Arguably the most appealing development for modern American sommeliers is the influx of grower Champagnes available in the U.S. market. Largely driven by importer Terry Theise, grower Champagne imports have soared over the past 20 years, from just 33 producers in 1997 to over 280 in 2016. While “farmer fizz” accounts for just 4.9 percent of U.S. Champagne imports, according to the Comité Champagne, grower bottles loom large for most sommeliers.
“Growers are focusing on more terroir-driven styles by emphasizing small parcels of land, rather than an entire village,” Ryan Arnold, wine director of Lettuce Entertain You’s restaurants in Chicago and Los Angeles, says. Site-specific juice gives somms the opportunity to become intimately familiar with the varying terroirs and individual producers within Champagne, allowing somms to really geek out over the region.
While the Champagne house Philipponnat first produced a single-vineyard Champagne in the 1930s, the concept remained an oddity until the 21st century. At that point, grower-producers like Anselme Selosse and Cédric Bouchard placed real emphasis on terroir-specific, single-vintage, single-variety Champagnes.

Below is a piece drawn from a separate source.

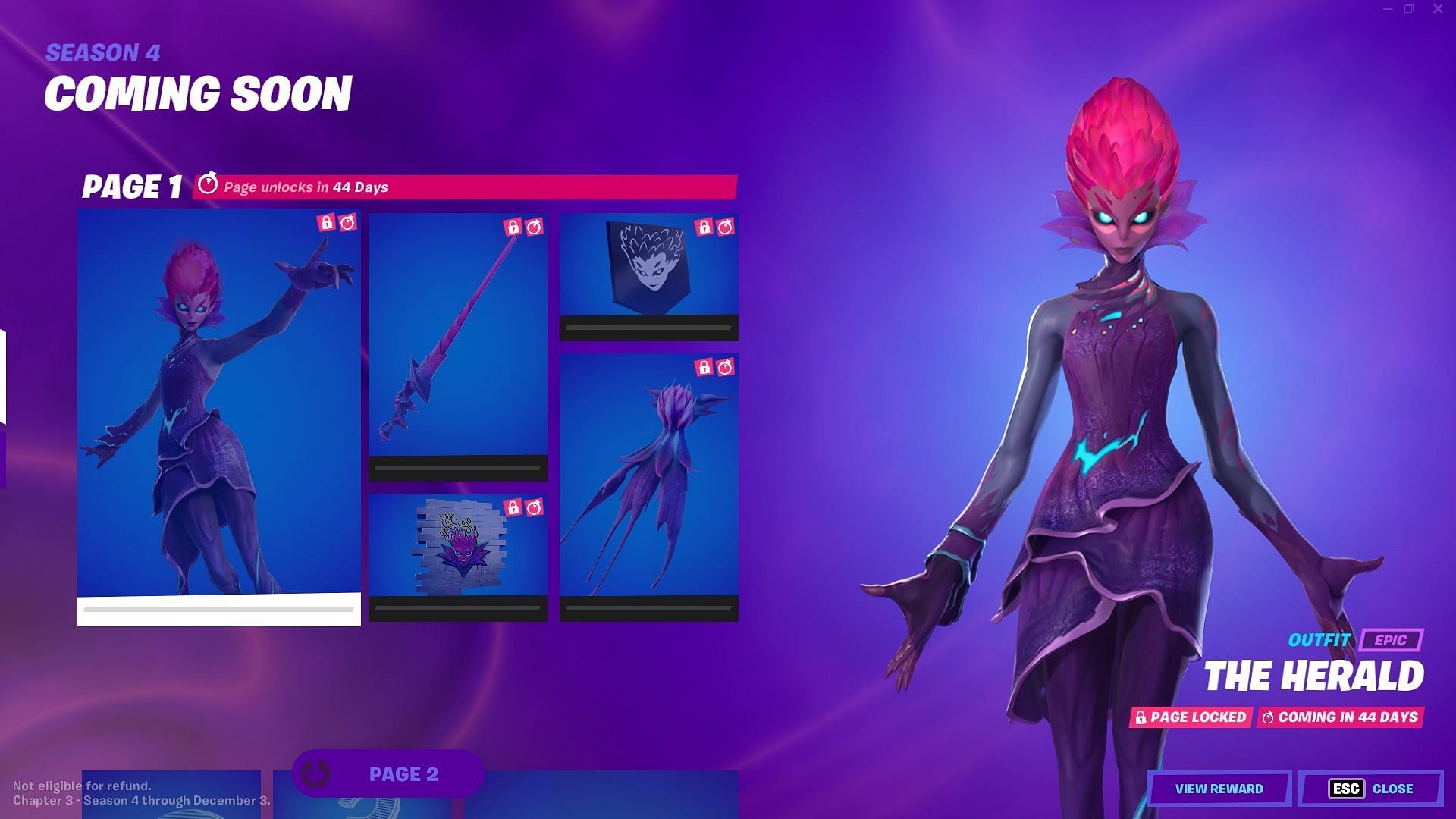 The upcoming Fortnite update will finally make the Herald skin obtainable (Image via Epic Games)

Much in the way that Deadheads can listen to back-to-back, 17-minute jam sessions, delighting in the nuances of each new digression, sommeliers are excited to uncover the variations within small-production wines. Additionally, this small production appeals to the sommeliers’ tendencies to gravitate toward artisanal wines made by farmers.
“Sommeliers love to learn and love the transparency associated with a small producer who can talk more about their particular vines and vineyards,” Campanale says. “Somms love an opportunity to tell the story of the wines they sell in their restaurants.”
All Day, Everyday?
It would be easy to dismiss somms’ Champagne obsession as evidence of the wine industry’s notorious snobbery. What could be more restrictive than claiming that some of the most expensive wines on the market should be drunk everyday?

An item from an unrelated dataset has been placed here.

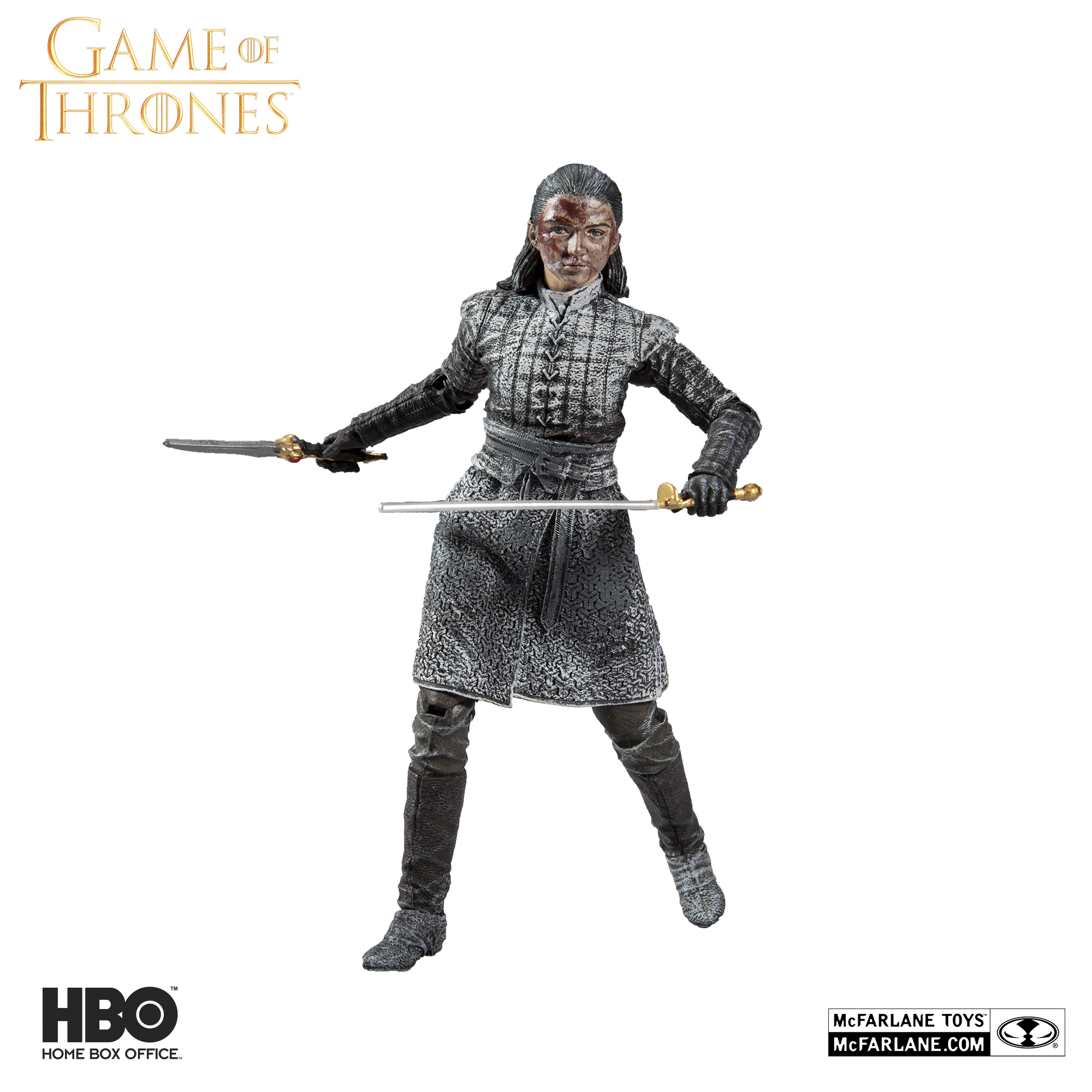 Arya Stark bloody variant figure in a dynamic combat pose holding both sword and dagger.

But sommeliers believe that the rise of grower Champagne could democratize the category’s reputation because, ultimately, grower-producers are farmers. “Grower Champagne humanized what many considered an exclusive, elitist product,” Caitlin Corcoran, owner and general manager of Ça Va in Kansas City, Missouri, says.
On the flip side, though, grower Champagnes are not widely distributed. If the producers most revered by sommeliers attempted to produce enough Champagne to satisfy the masses, their Champagnes would lose the quirky character that somms so cherish. As Theise himself stated in the introduction to his 2017 grower Champagne portfolio, 5 percent is a healthy, sustainable U.S. market share. Anything more would risk lowering grower Champagne’s overall quality.
In this way, all Champagne will always be somewhat exclusive. That doesn’t mean that sommeliers should stop pairing it with potato chips or heralding the virtues of its small producers. By demonstrating how special Champagne is, rather than simply guzzling baller bottles with abandon, sommeliers increase appreciation for the category within and beyond the industry. And that’s something we all can celebrate. (Every day.)